JUEVES 20 DE JULIO DE 2000
* Jean Meyer *
Rusia en un espejo
En el XXI Festival de Cine de Moscú, el sociólogo Dondurey inauguró una mesa redonda con estas palabras: "Rusia es el país de las palabras y de la nostalgia. Un poderoso pedido social de nostalgia la rige". No sé si la película de Alexei Guerman responde a dicho pedido, pero intenta una fantástica liberación interna del pasado, del trauma del estalinismo. Ya nos había dado el maravilloso Ivan Lapshin y sus amigos; ahora con šJrustaliov, mi coche! nos vuelve a fascinar.
El título es el grito de Lavrenti Beria, poderoso jefe de los servicios de seguridad a la muerte de Stalin, a su chofer. El verdugo quiere irse y con él Guerman busca cómo curar la memoria dolorosa de esa Rusia estaliniana, sanguinaria y magnífica. La película, en blanco y negro, es el colmo de la violencia y de la belleza. En algunos momentos, de manera invencible, obliga al lector de Vargas Llosa (La fiesta del chivo) a encontrar el parecido entre Beria y Trujillo, en lo orgiástico y obsceno.
Como que el poder absoluto es inseparable de cierto frenesí fálico que busca de preferencia a las muchachitas vírgenes. No se puede evocar no sé qué ingrediente cultural para explicar la violencia, la dictadura, la sexualidad criminal. El trópico húmedo, el clima caribe, la nieve rusa, las noches blancas no explican una conducta idéntica; la explica la tiranía.

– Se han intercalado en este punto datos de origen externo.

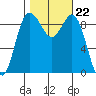 Deception Pass tide chart for Wednesday, October 22, 2025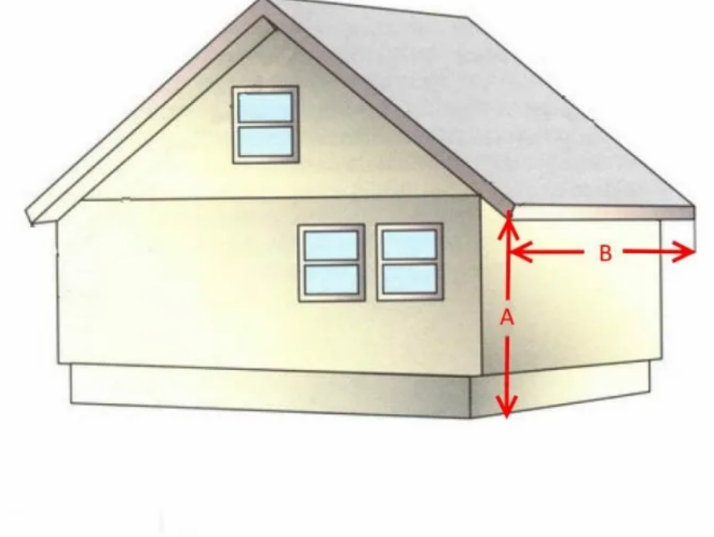 Как правильно рассчитать площадь дома?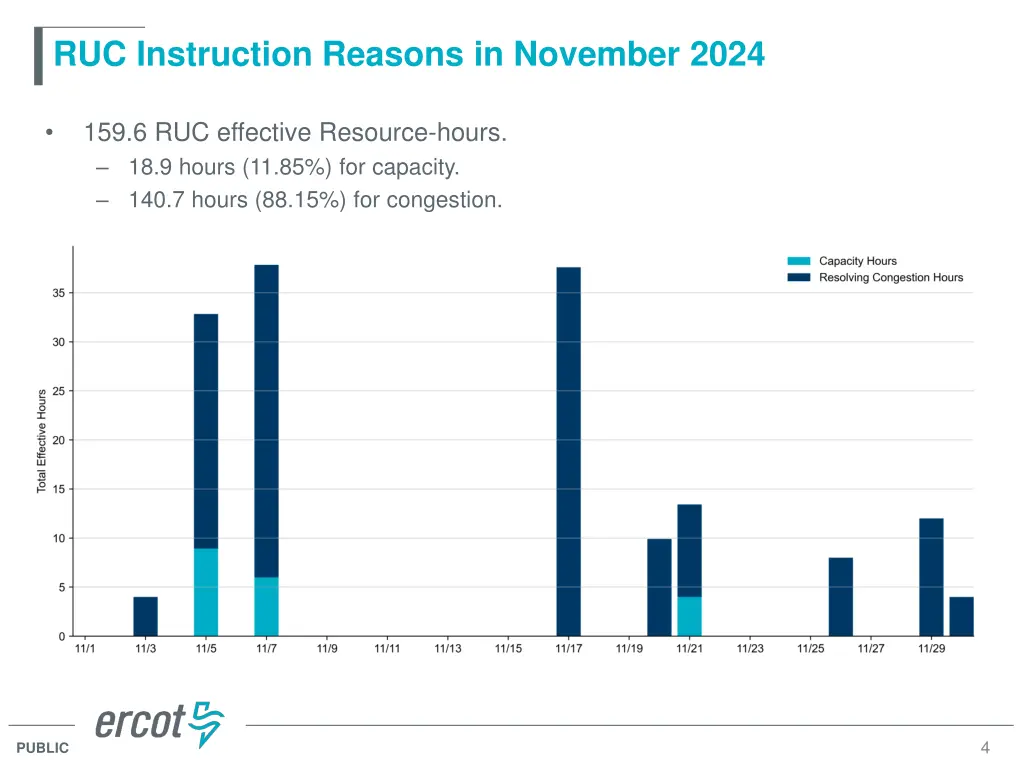 ruc instruction reasons in november 2024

La nieve llena la película y el crujido de los zapatos en la nieve completa su belleza, en contraste con la fealdad de los amontonamientos humanos en las komunalk (departamentos colectivos), los sótanos, las cavas llenas del vapor invernal. Parece que la película se sitúa al final de la vida del padrecito de los pueblos, cuando el KGB idea el supuesto "complot de las batas blancas" (médicos) para asesinar a Stalin.

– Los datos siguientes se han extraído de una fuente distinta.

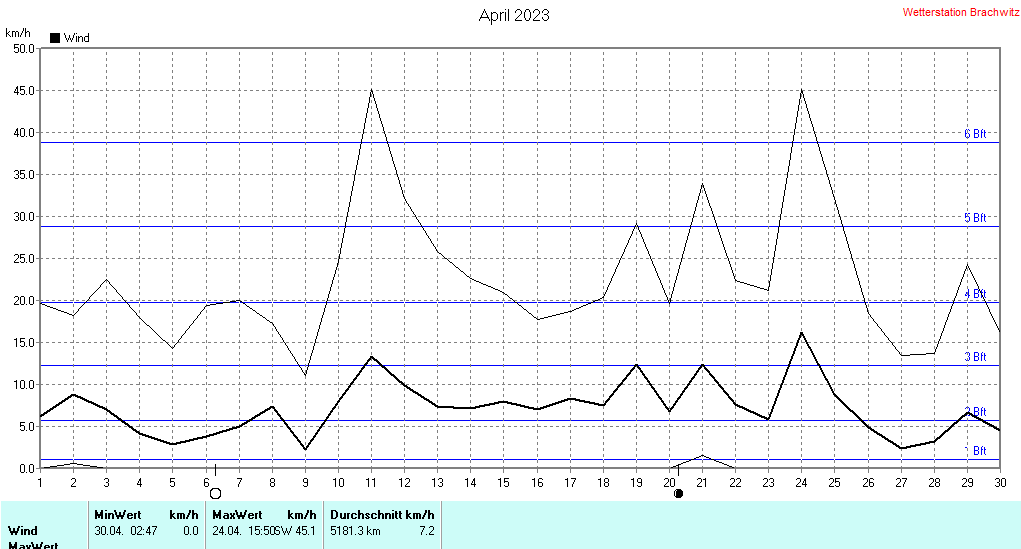 April 2023 - Windstärke , Windgeschwindigkeit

El héroe es un general-médico soviético, leal y entusiasta servidor del Estado y del Supremo; en su caótico departamento comunitario, como en el demente hospital siquiátrico que regentea (y que parece salir de la imaginación del Bosco), es tan autoritario como físicamente colosal.
De repente cae de la omnipotencia a la degradación total, con el arranque de la campaña antisemita (los médicos son judíos, como él). Como otro general tiránico y heroico en la película de Mijalkov, Quemados por el sol. Lo entregan a una pandilla de truhanes que lo vejan sexualmente en un camión de carga. Es cuando los agentes de Beria alcanzan a parar el camión porque se necesita al general-médico: el vozhd, el amo Stalin se muere y el único quien lo puede salvar es aquel Glinski. En esa segunda parte el delirio va creciendo al grado de que se vale hablar de noche de Walpurgis, de vudú estaliniano. Ahí el Todo Poderoso babea y pedorrea, ahí Beria viste un mandil de carnicero y trajina. No sé si la historia camina para atrás o para adelante pero el hombre encargado de la calefacción en un multifamiliar, aquel hombre arrestado al principio de la película porque había visto algo que no debió ver, sale libre del campo de concentración. Cuando sube, feliz, al tren, otra pandilla de bandidos lo apalea y lo despoja, en medio de la belleza invencible del paisaje ruso sin límites.
Esa película no tiene nada que ver con la última de Mijalkov, la superproducción estilo Hollywood El barbero de Siberia. No es mala, junta todos los clichés sobre Rusia y los rusos. Según Mijalkov, para no morir Rusia debe recuperar los valores que la engendraron. Cada quien hace su labor de memoria.